Gold surged on weak jobs data Friday and erased the four-day loss from earlier in the week. The early decline was largely due to confusion about the Fed’s plans for a possible rate hike in October.
But on Friday both the Non-farm Payroll and the Factory Orders were bad, and failed to support tighter monetary policy. Fed comments in the financial press about further easing convinced traders a rate increase is not imminent.
The price movement provided excellent trading opportunities for our members. The price broke below the pivot early Monday, and marched steadily down until Friday morning. Traders who climbed on that trade when the pivot was broken made about $20 per contract if they exited at Nat’s 1st buy level, or $35 per contract if they stayed aboard until the 2nd buy price was hit.

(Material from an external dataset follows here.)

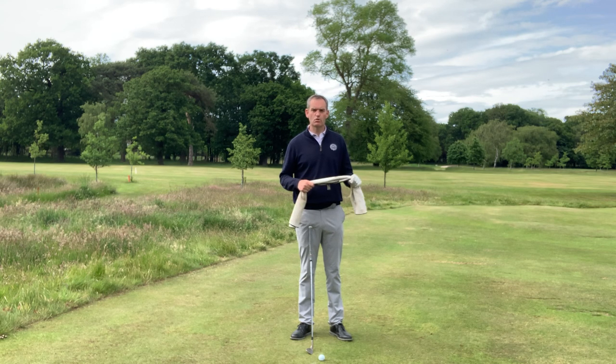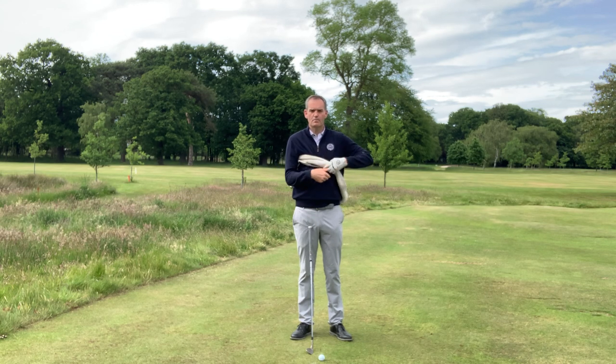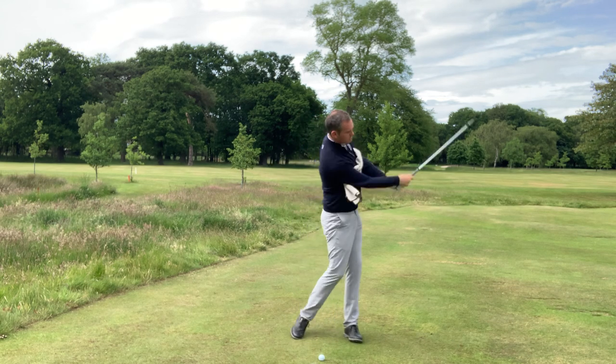So this one's an old classic. We're going to use a towel. We're going to put it under both arms — there's going to be a tiny bit of play in the middle. What we're looking to do is improve our body and arm connection.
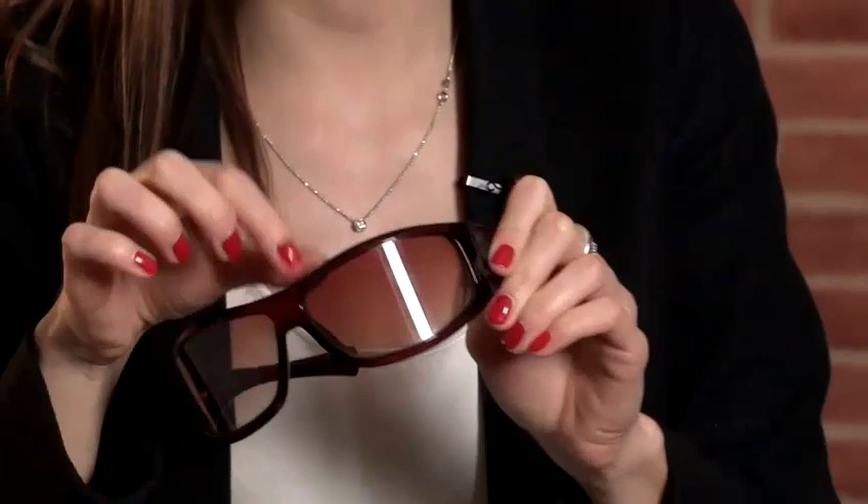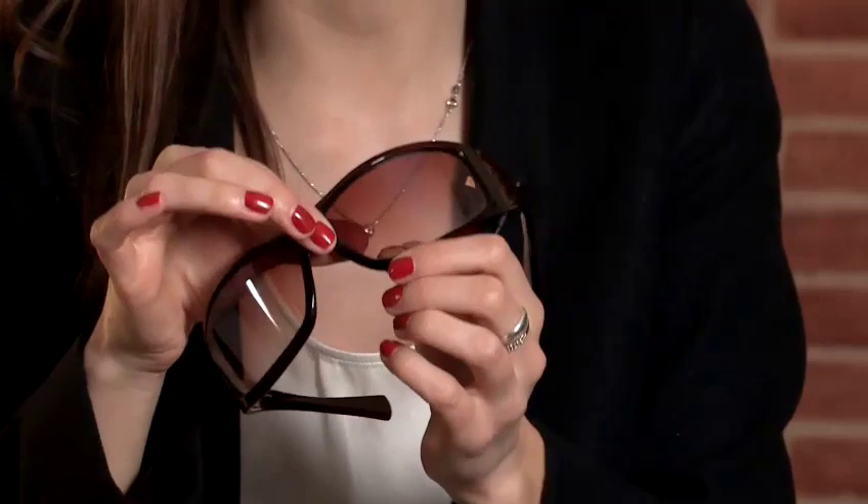And on this side, you can see the lens doesn't quite meet the frame. Again, a problem - they're not genuine sunglasses. So definitely worth having a good look at them to make sure they're the real deal, because this pair definitely aren't.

Following the bad Non-Farm payrolls the price immediately jumped. But traders who had orders resting at Nat’s 2nd buy level or at the 2nd support level were already in the trade when the market gained $30 in 60 minutes early Friday morning.
The profit for the week was somewhere between $5,000 and $6,500 per contract, one of the best results for the year. The swing calls seemed almost too good to be true… but you can see the actual trading plan in last week’s gold post.
Here’s the annotated chart showing how it all went down. 60-minute bars
FOMC minutes will be released on Thursday. All eyes will focus on whether Fed members will support a hike rate at the end of October or not. If not, the gold price will continue moving up.
Download the full trading plan here: 151005-gold
Based on the weekly chart, the sub-wave 4 of last primary wave 5 still is going on. As long as GOLD price doesn’t go under 1095.50 level, the C top still should be expected for next upside target area.
The 1148.50-1146.70 zone will be a key zone for this week. A move above it will be bullish. A further rally up to 1162.50-1156 or higher up to 1173.00-1176.50 zone should be expected to form the C top.
We may see a pullback later if the Fed does decide to raise the interest rate, but we doubt that will happen. Therefore, traders should continue to focus on the buying side if there is a pullback move in the coming days or weeks. All the short-term and long term support zones below the current price are expected to hold the price up.
LONG-TERM SUPPORT at 1007.7-1033.90 – Yearly breakout level from Year 2008- 2009
LONG TERM Trend line SUPPORT at 1009.50 this week.
INTERMEDIATE TERM SUPPORT at 1045-1035 zone
SHORT-TERM SUPPORT at 1072-1095 zone.